If an entry holds a picture, leave the picture out and copy the rest of the listing exactly.

[Information]

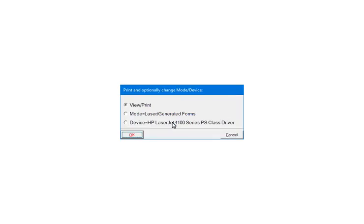You can change the print mode or the device. When the mode and device are correct, select View, Print. Click OK.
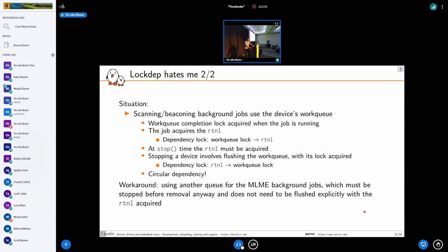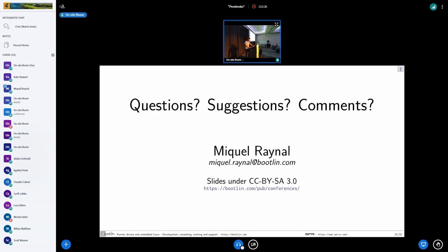Thanks everyone for your attention. If you want to talk about this further, I'll be around.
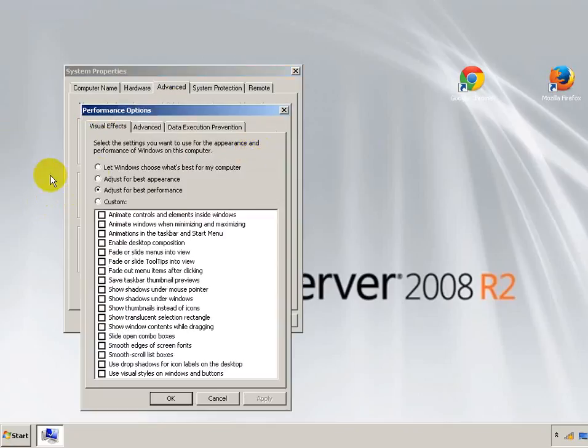Hit the top one, hit settings, and then adjust for best appearance.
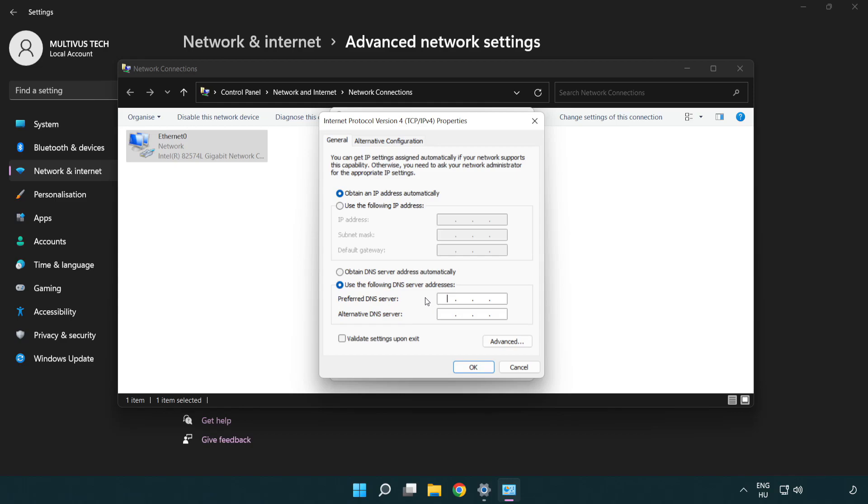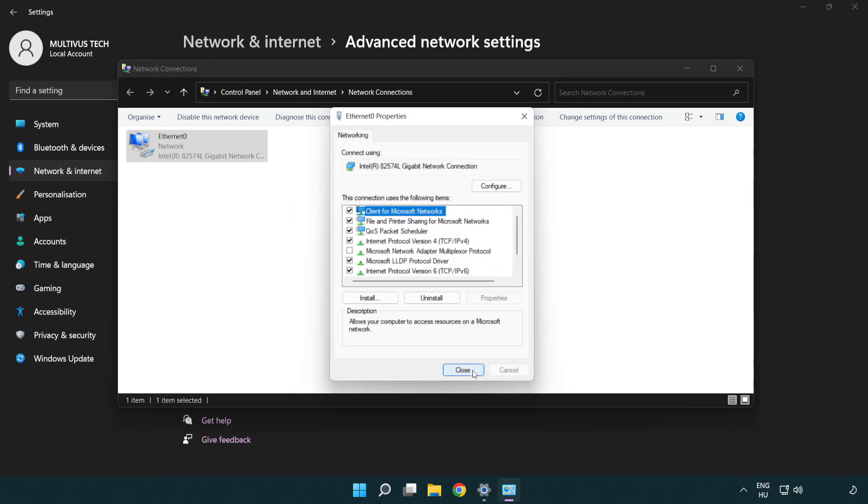Type 8.8.8.8. Type 8.8.4.4. Click OK. Click Close.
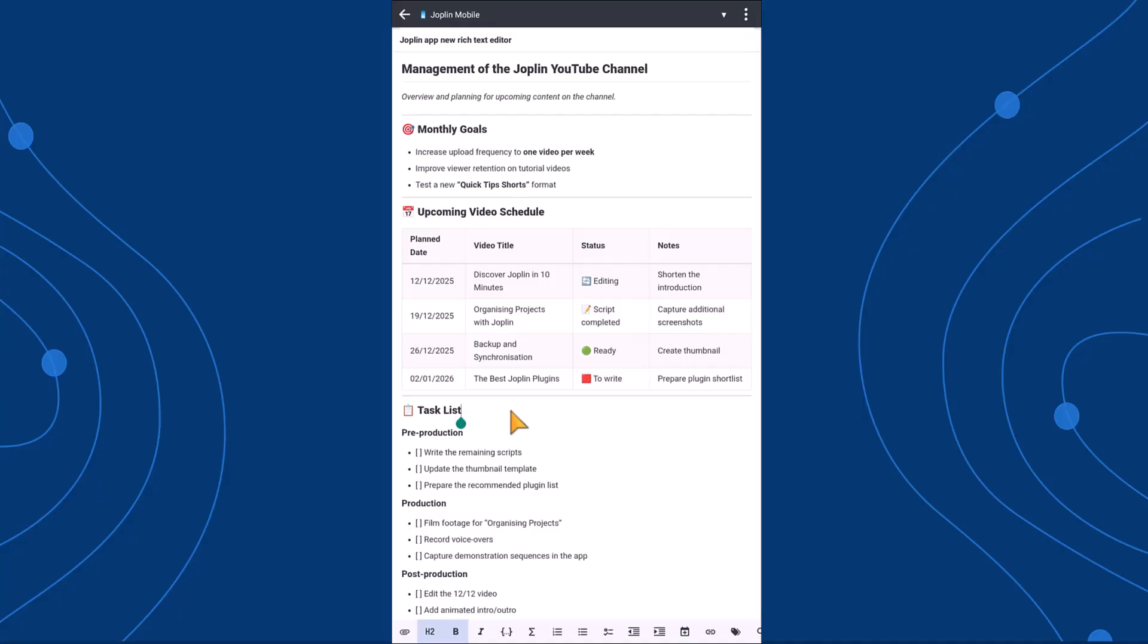This new feature makes note editing much more accessible and user-friendly, especially for those who prefer a visual interface over markdown syntax.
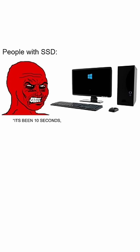People with SSD, it's been 10 seconds, why hasn't it turned on. People with HDD, 5 minutes in, this is fine.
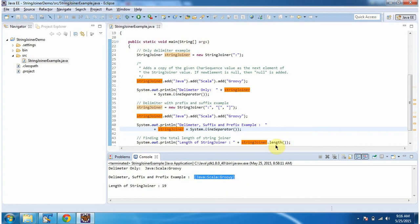Then I am calling the length method of StringJoiner, and you can see the length here. Length is 19.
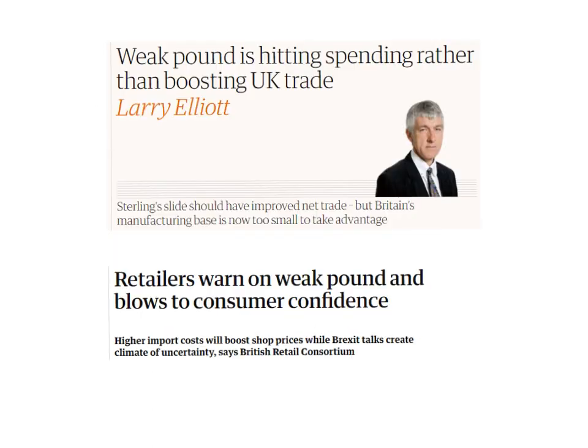However, there are issues: the weak pound is hitting spending rather than boosting UK trade. This counterargument notes that because the manufacturing sector in the UK is so small, it's not really taking advantage of the weaker pound. Instead, it's impacting the UK high street more — imports being more expensive for certain stock and resources means prices are starting to rise, which would be called cost-push inflation. Remember, inflation is simply where the average price level is increasing. Retailers also warn the weak pound blurs consumer confidence, with higher import costs boosting prices while Brexit talks create a climate of uncertainty.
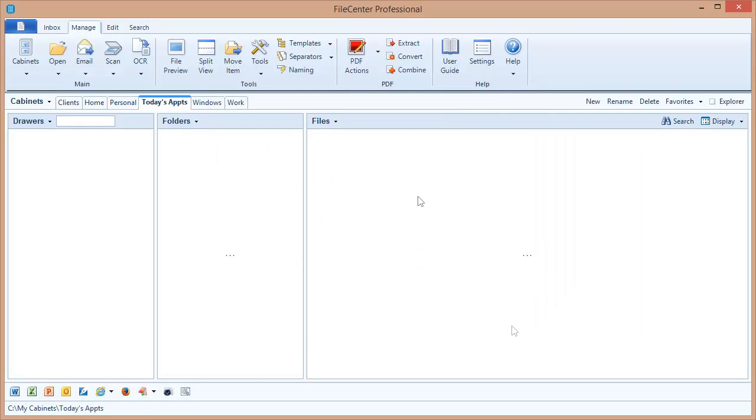So in summary, advanced cabinets are a very powerful tool, which gives you new ways to organize and be efficient in the way you work with your files.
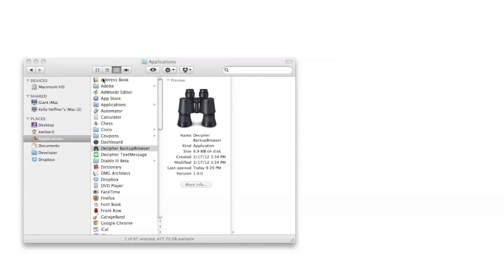Welcome to our quick video about how to get started using Decipher Backup Browser. Once you've installed Decipher Backup Browser, you can launch it on a Mac from the Applications folder or on Windows from the Desktop icon or the Start Menu icon.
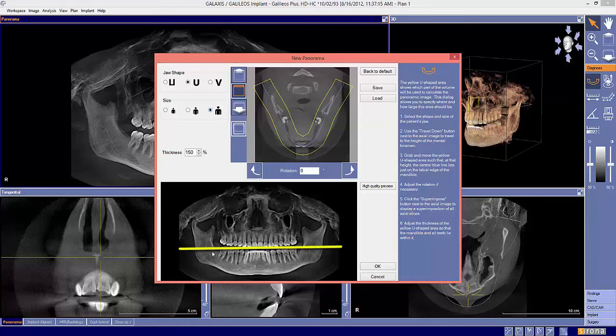Currently, we see it here in the lower window, and I want you to move it down to intersect with the mental foramen here.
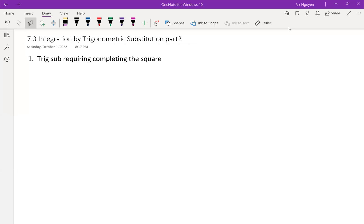Hi everyone, welcome to integral calculus. Today we explore lesson 7.3: integration by trigonometric substitution, part 2. Let's take a look at the example.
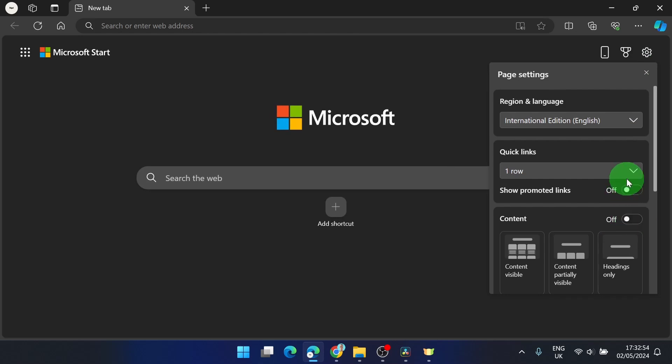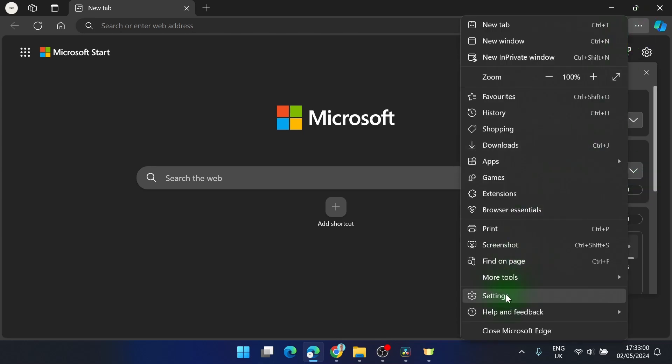I know it sounds straightforward, but I couldn't find it for maybe 15 minutes because I was looking in settings and there is nothing.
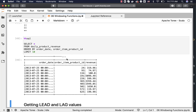Having explored aggregate functions within window functions and created the daily_revenue and daily_product_revenue tables, we will now get into other windowing function features such as LEAD, LAG, FIRST_VALUE, and LAST_VALUE. Windowing functions also have a category of ranking functions, which we will explore after covering the window functions.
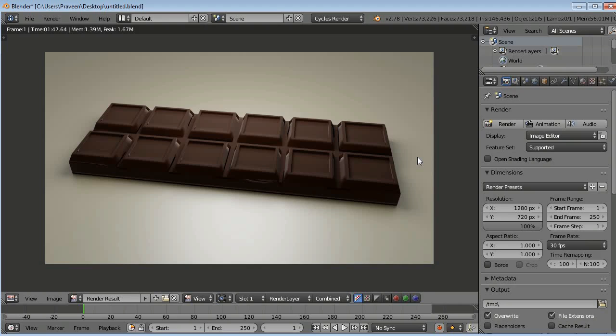This is the image after rendering. It looks good to me. So everyone, to this video, if you learned something new from this video.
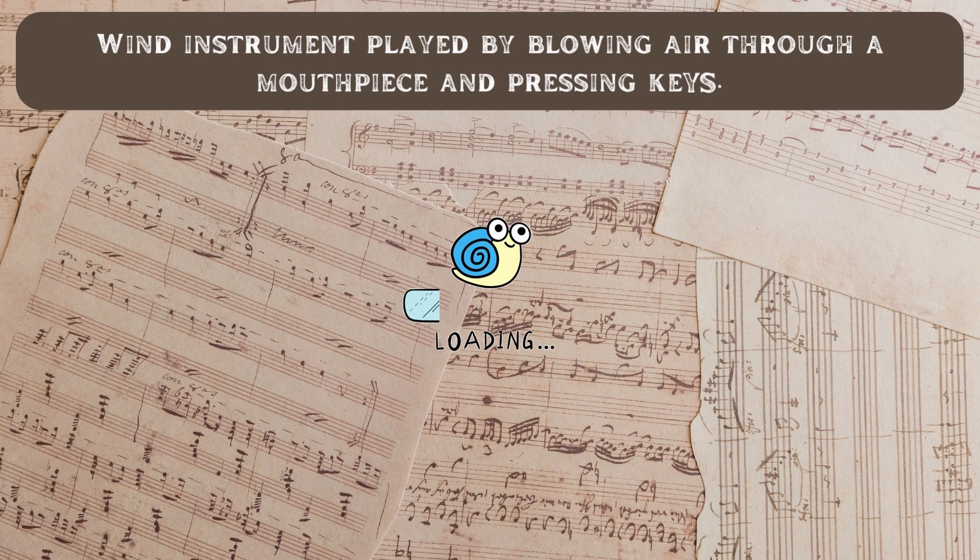Wind instrument played by blowing air through a mouthpiece and pressing keys. It's a clarinet.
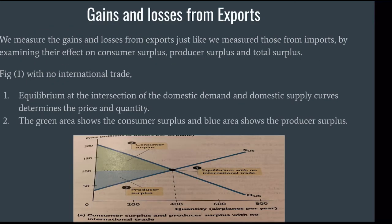Gains and Losses from Exports. We measured the gains and losses from exports just like we measured those from imports, by examining their effect on consumer surplus, producer surplus, and total surplus.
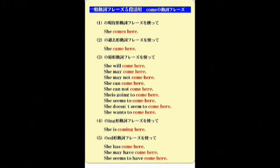語形活用のフレーズを使った表現の枠組みを見ていただきます。1の現在形動詞フレーズは現在の事実・習慣で、彼女は時々ここにやってくる。2の過去形はやってきました。3はやってくるだろう・やってくるはずだ・やってくる予定だ・やってきそうです。4の進行形は「she is coming here」ここにやってきつつあります。完了形は「he has come here」すでにもうやってきました。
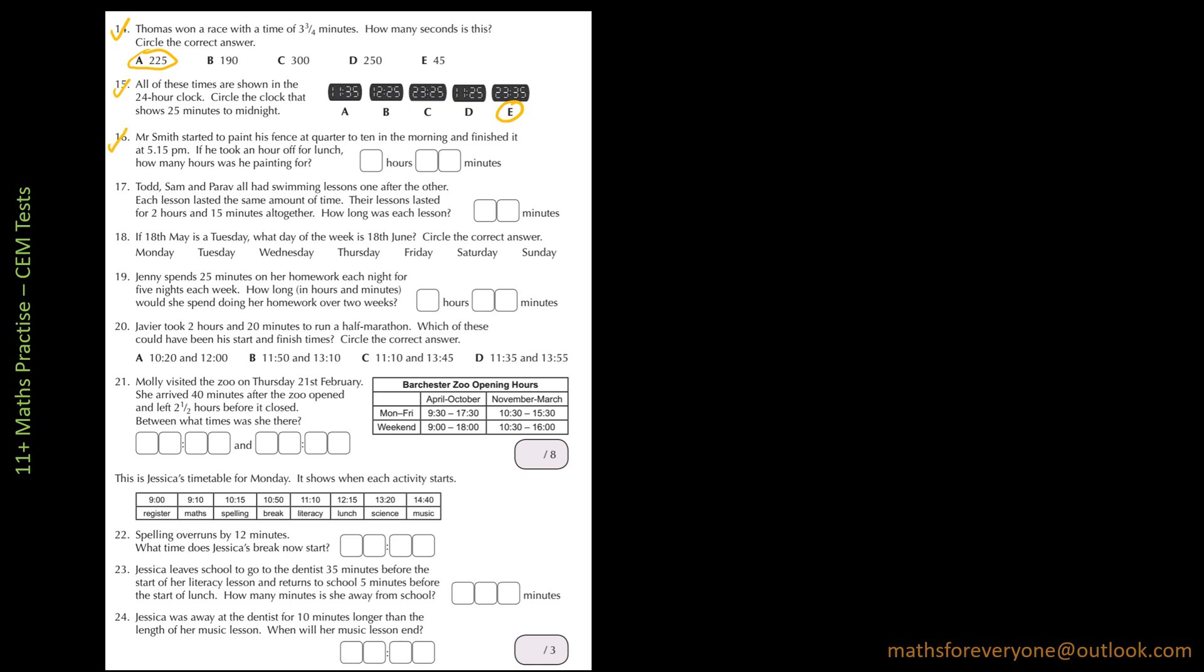Question number 16. Mr. Smith started to paint his fence at quarter to 10 in the morning and finished it at 5:15pm. If he took an hour off for lunch, how many hours was he painting for? So he started to paint his fence at quarter to 10, so that's 9:45am and he finished it at 5:15pm.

[/Information]

* [Exercise result]:
You can change the print mode or the device. When the mode and device are correct, select View, Print. Click OK.
Thanks everyone for your attention. If you want to talk about this further, I'll be around.
Hit the top one, hit settings, and then adjust for best appearance.
Type 8.8.8.8. Type 8.8.4.4. Click OK. Click Close.
This new feature makes note editing much more accessible and user-friendly, especially for those who prefer a visual interface over markdown syntax.
People with SSD, it's been 10 seconds, why hasn't it turned on. People with HDD, 5 minutes in, this is fine.
Then I am calling the length method of StringJoiner, and you can see the length here. Length is 19.
However, there are issues: the weak pound is hitting spending rather than boosting UK trade. This counterargument notes that because the manufacturing sector in the UK is so small, it's not really taking advantage of the weaker pound. Instead, it's impacting the UK high street more — imports being more expensive for certain stock and resources means prices are starting to rise, which would be called cost-push inflation. Remember, inflation is simply where the average price level is increasing. Retailers also warn the weak pound blurs consumer confidence, with higher import costs boosting prices while Brexit talks create a climate of uncertainty.
So in summary, advanced cabinets are a very powerful tool, which gives you new ways to organize and be efficient in the way you work with your files.
Welcome to our quick video about how to get started using Decipher Backup Browser. Once you've installed Decipher Backup Browser, you can launch it on a Mac from the Applications folder or on Windows from the Desktop icon or the Start Menu icon.
Currently, we see it here in the lower window, and I want you to move it down to intersect with the mental foramen here.
Hi everyone, welcome to integral calculus. Today we explore lesson 7.3: integration by trigonometric substitution, part 2. Let's take a look at the example.
I know it sounds straightforward, but I couldn't find it for maybe 15 minutes because I was looking in settings and there is nothing.
Having explored aggregate functions within window functions and created the daily_revenue and daily_product_revenue tables, we will now get into other windowing function features such as LEAD, LAG, FIRST_VALUE, and LAST_VALUE. Windowing functions also have a category of ranking functions, which we will explore after covering the window functions.
This is the image after rendering. It looks good to me. So everyone, to this video, if you learned something new from this video.
Wind instrument played by blowing air through a mouthpiece and pressing keys. It's a clarinet.
Gains and Losses from Exports. We measured the gains and losses from exports just like we measured those from imports, by examining their effect on consumer surplus, producer surplus, and total surplus.
語形活用のフレーズを使った表現の枠組みを見ていただきます。1の現在形動詞フレーズは現在の事実・習慣で、彼女は時々ここにやってくる。2の過去形はやってきました。3はやってくるだろう・やってくるはずだ・やってくる予定だ・やってきそうです。4の進行形は「she is coming here」ここにやってきつつあります。完了形は「he has come here」すでにもうやってきました。
Question number 16. Mr. Smith started to paint his fence at quarter to 10 in the morning and finished it at 5:15pm. If he took an hour off for lunch, how many hours was he painting for? So he started to paint his fence at quarter to 10, so that's 9:45am and he finished it at 5:15pm.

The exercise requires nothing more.